Souvent surnommé le Che Guevara africain, Thomas Sankara fut un chef d’état éphémère, mais oh combien précurseur dans de nombreux domaines : arrivé à la tête du pays en août 1983, il fut assassiné le 15 octobre 1987, beaucoup de soupçons se portant sur Blaise Campaoré, celui-là même qui lui a succédé et qui est resté au pouvoir jusqu’à ce fameux 30 octobre 2014 évoqué dans le film. Farouche opposant au colonialisme et au néo-colonialisme, homme d’une grande intégrité qui, à son arrivée au pouvoir, avait fait vendre les luxueuses voitures de fonctions de l’État pour les remplacer par des Renault 5,  Thomas Sankara se montrait en avance sur son temps, il y 35 ans, dans de nombreux domaines : la démocratie participative, avec la création des Comités de défense de la Révolution ; les droits des femmes, avec son action, entre autres, contre les mariages forcés, l’excision, la polygamie et la prostitution ; l’environnement, avec sa lutte contre la désertication qui s’est traduite par la fin des coupes de bois abusives, une campagne de sensibilisation concernant l’utilisation du gaz, la fin des feux de brousse et la fin de la divagation des animaux. En l’espace de 4 ans, sa politique a rendu le Burkina Faso autosuffisant en matière d’alimentation. Une telle politique allait bien sûr à l’encontre des intérêts de certains, tant à l’intérieur du pays qu’à l’extérieur, et seuls les naïfs peuvent s’étonner qu’un si grand dirigeant ait été assassiné. Un des mérites du film est de nous montrer que le peuple, lui, par contre, n’oublie pas.

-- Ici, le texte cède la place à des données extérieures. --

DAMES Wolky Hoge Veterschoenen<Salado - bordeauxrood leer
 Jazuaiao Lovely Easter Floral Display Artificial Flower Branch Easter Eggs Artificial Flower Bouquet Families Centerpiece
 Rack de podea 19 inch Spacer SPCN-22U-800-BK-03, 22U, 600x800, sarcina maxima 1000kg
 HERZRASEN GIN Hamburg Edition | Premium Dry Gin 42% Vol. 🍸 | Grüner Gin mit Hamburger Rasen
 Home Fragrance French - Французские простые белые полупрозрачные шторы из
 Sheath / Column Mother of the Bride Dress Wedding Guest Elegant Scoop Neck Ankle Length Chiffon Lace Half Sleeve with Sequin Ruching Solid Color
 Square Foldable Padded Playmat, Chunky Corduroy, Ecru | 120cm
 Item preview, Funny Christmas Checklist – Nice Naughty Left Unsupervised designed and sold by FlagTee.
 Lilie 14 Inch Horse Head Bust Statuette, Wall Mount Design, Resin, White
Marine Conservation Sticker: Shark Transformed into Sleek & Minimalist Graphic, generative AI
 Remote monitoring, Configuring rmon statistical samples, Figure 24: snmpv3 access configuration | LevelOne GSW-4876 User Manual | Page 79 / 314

La guitare de Rodolphe Burger

A l’instar du « road-movie » Paris, Texas qui bénéficiait de la prestation musicale de Ry Cooder, accompagnant le film avec sa guitare, le « rail-movie » qu’est Sankara n’est pas mort chemine de façon souvent poétique et contemplative aux sons de la guitare de Rodolphe Burger, l’ancien leader de Kat Onoma. Finalement, le regret le plus important qu’on aura concernant ce film, c’est qu’il n’ait pas été sous-titré : ce n’est pas faire injure à certains protagonistes de Sankara n’est pas mort que de regretter que certains dialogues sont difficiles, voire impossibles à comprendre. Après tout, il arrive que des films québécois soient sous-titrés et cela ne choque personne !

Conclusion

D’ici quelques semaines devrait sortir le film The great green wall consacré à un projet de grand mur vert s’étendant sur 8000 km du Sénégal à l’Ethiopie afin de combattre la désertification dans cette région du monde. Ce film survole le Burkina Faso sans s’y poser. Sankara n’est pas mort vient donc le compléter et ce n’est que justice dans la mesure où Thomas Sankara, durant quatre ans à la tête de la Haute-Volta devenu sous sa gouvernance le Burkina Faso, le pays des hommes intègres, a été,  par sa politique en matière d’environnement, le précurseur de ce projet ambitieux.